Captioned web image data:

______

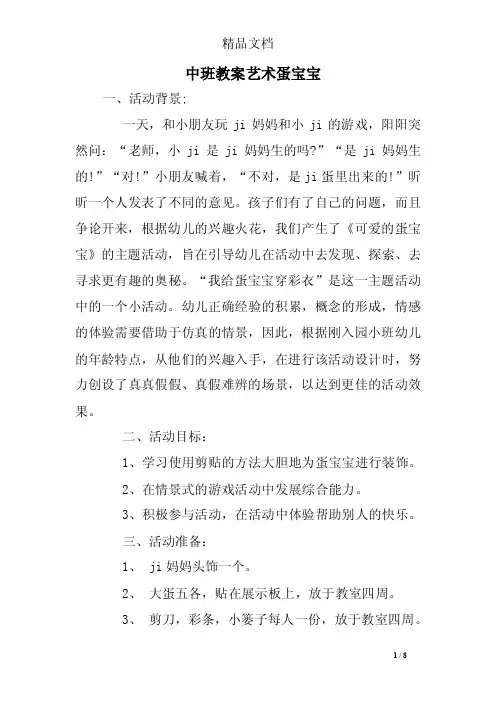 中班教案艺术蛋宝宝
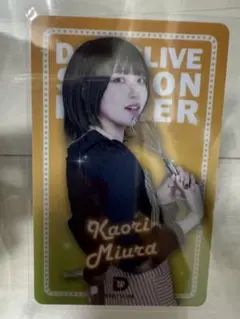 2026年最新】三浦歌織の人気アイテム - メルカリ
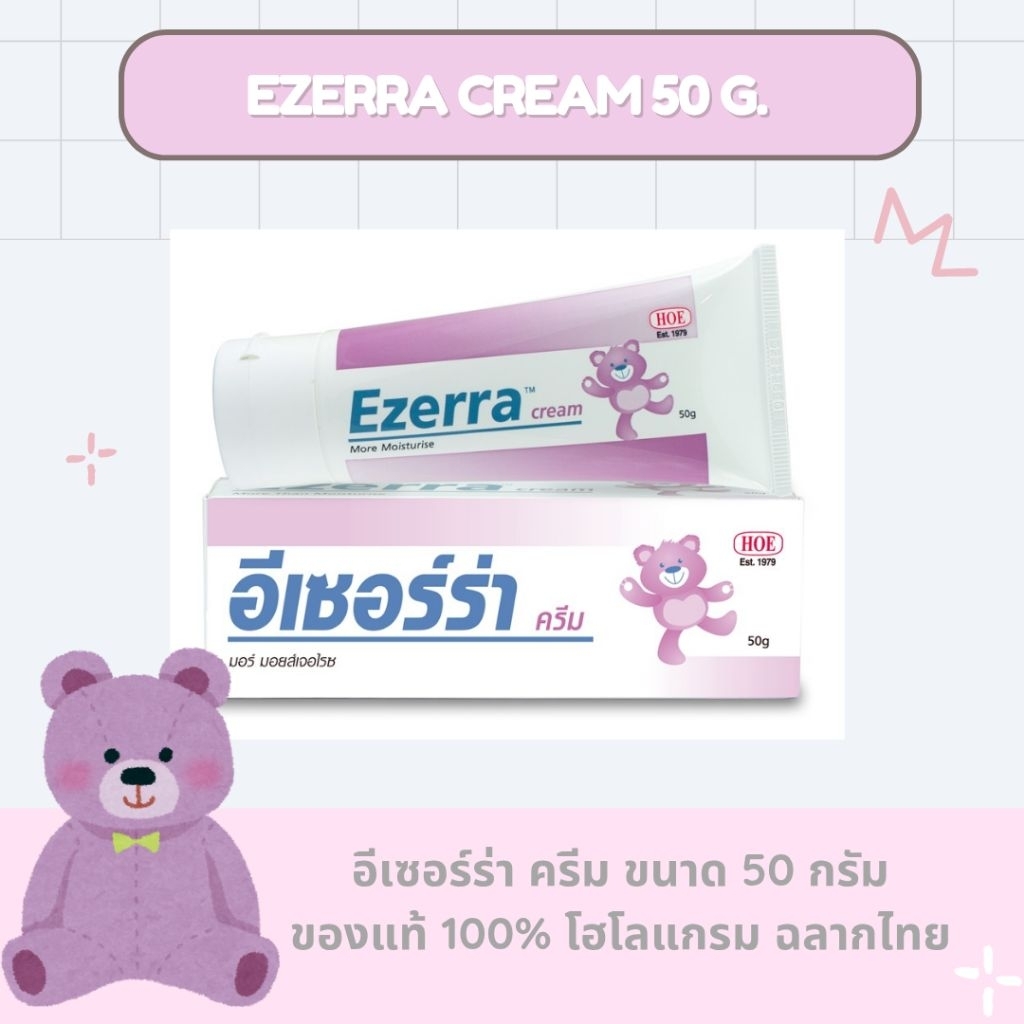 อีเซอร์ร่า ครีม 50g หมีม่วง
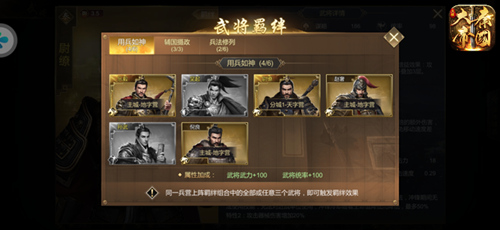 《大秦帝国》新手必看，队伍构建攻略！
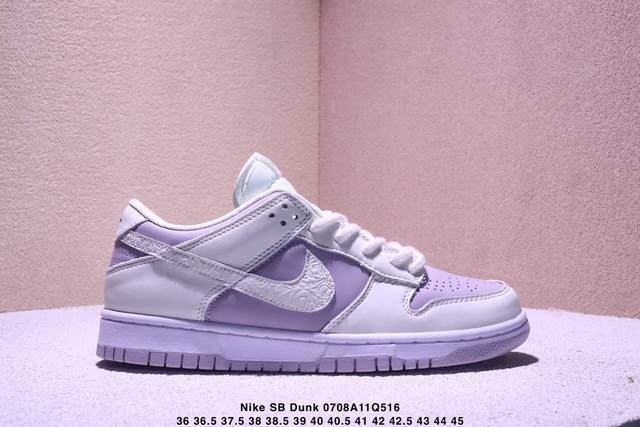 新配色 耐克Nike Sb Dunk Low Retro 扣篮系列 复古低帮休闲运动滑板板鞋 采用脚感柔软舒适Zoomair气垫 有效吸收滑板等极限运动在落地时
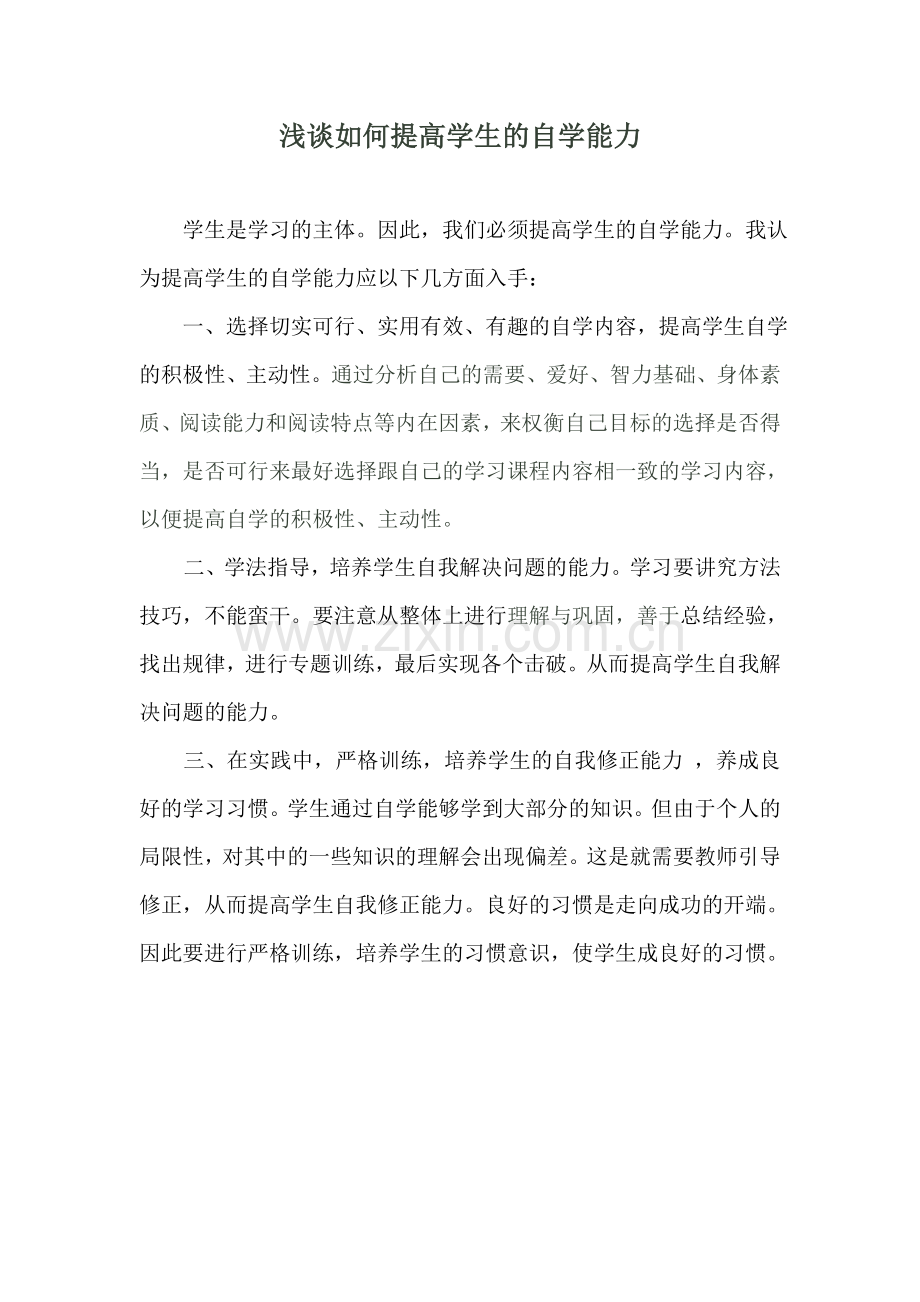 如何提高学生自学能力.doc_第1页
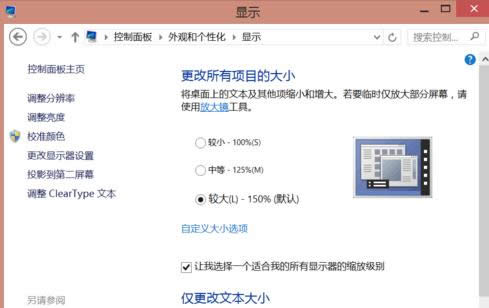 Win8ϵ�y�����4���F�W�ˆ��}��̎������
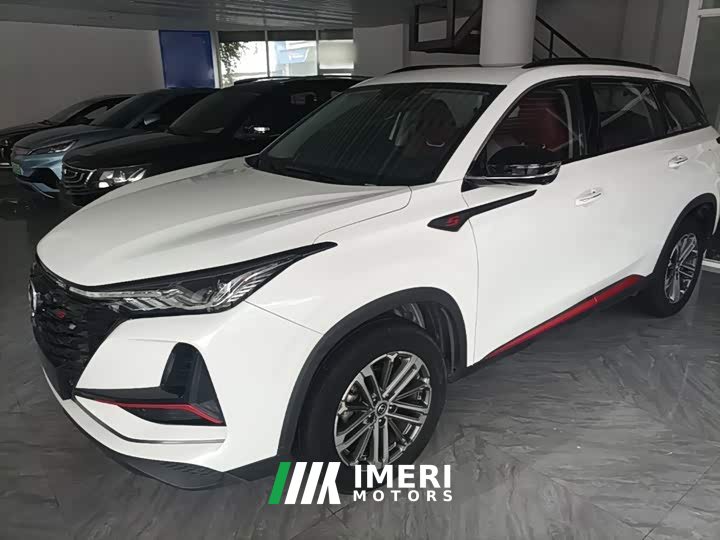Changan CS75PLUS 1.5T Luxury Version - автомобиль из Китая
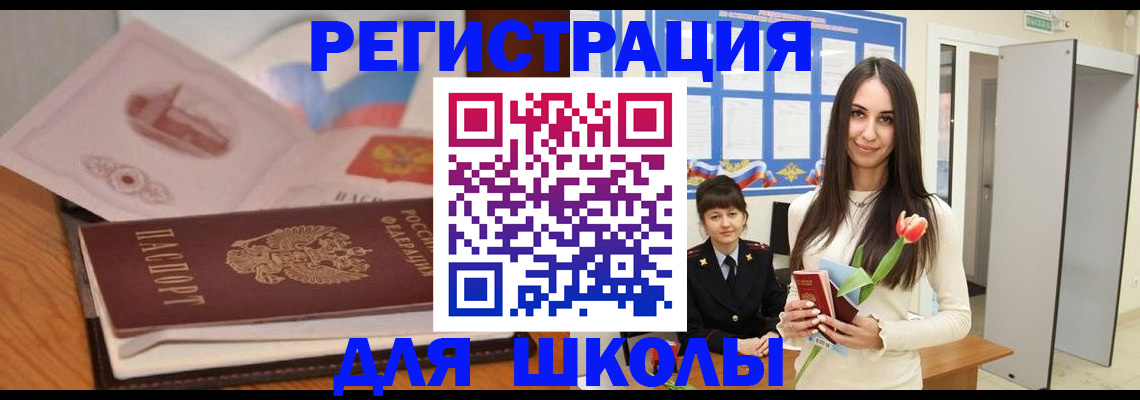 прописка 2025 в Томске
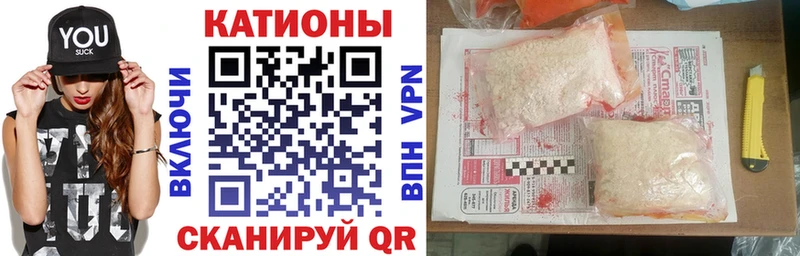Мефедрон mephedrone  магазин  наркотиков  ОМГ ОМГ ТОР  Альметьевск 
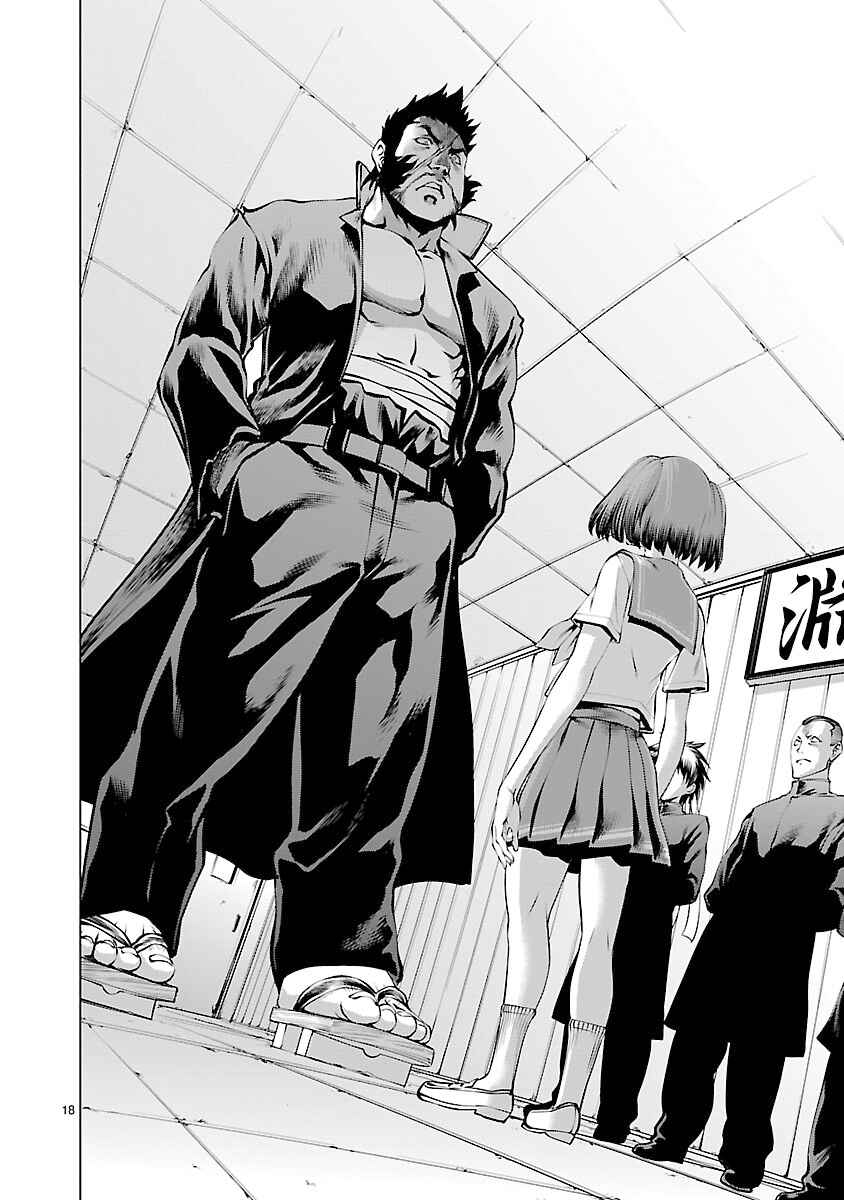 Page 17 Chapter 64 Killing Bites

______

◆ **YOUR GOAL**
The answer must repeat every record exactly, with all pictures left out.

◆ **RESULT**
 中班教案艺术蛋宝宝
 2026年最新】三浦歌織の人気アイテム - メルカリ
 อีเซอร์ร่า ครีม 50g หมีม่วง
 《大秦帝国》新手必看，队伍构建攻略！
 新配色 耐克Nike Sb Dunk Low Retro 扣篮系列 复古低帮休闲运动滑板板鞋 采用脚感柔软舒适Zoomair气垫 有效吸收滑板等极限运动在落地时
 如何提高学生自学能力.doc_第1页
 Win8ϵ�y�����4���F�W�ˆ��}��̎������
Changan CS75PLUS 1.5T Luxury Version - автомобиль из Китая
 прописка 2025 в Томске
Мефедрон mephedrone  магазин  наркотиков  ОМГ ОМГ ТОР  Альметьевск 
 Page 17 Chapter 64 Killing Bites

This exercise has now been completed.